Week 11 CTL Flashcards
What are the different types of vaccines
Living vaccines e.g. measles
Inactivated vaccines e.g. killed whole vaccines
Subunit of vaccines e.g. synthetic vaccines
What are the major constituents of vaccines
The source of the antigen e.g recombinant bacteria or the live or inactivated bacteria/virus
Additives (preservatives, diluents, stabilisers, adjuvants
Compare and contrast the two adaptive immune systems
Innate immune system
- non specific
- rapid
- present at birth
- provides general protection against a wide variety of pathogens
- always active
- includes the first line of defence (external body membranes and mucosae)
- Second line of defence (phagocytes and antimicrobial proteins and other cells)
Adaptive immunity:
- takes longer to develop
- attacks a specific foreign substance
- Involves activating specific lymphocytes that combat a specific pathogen
- Develops memory
- responses are highly evolved
- Includes cellular and humoral components
What are the granulocytes
Eosinophils
Basophils
Neutrophils
What are the agranulocoytes
Monocytes (become macrophages)
Lymphocytes
What are the primary organs of the lymphatic system and its function
Bone marrow (T + B lymphocytes) Thymus ( Lymphocytes)

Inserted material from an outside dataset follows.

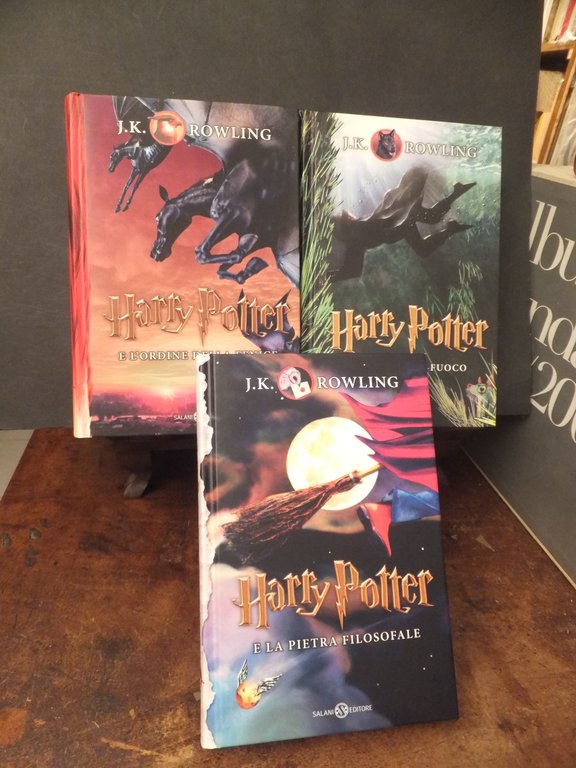 HARRY POTTER - E L'ORDINE DELLA FENICE -- E IL …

Function: This is where lymphocytes develop and mature
What are the secondary organs of the lymphatic system and its function
Lymph nodes
Spleen
MALT (mucosa associated lymphoid tissue in intestine and skin)
Function: Naive lymphocytes encounter antigens and are stimulated to become effector and memory cells
What do the mechanical defences of the innate immune system include (FIRST LINE)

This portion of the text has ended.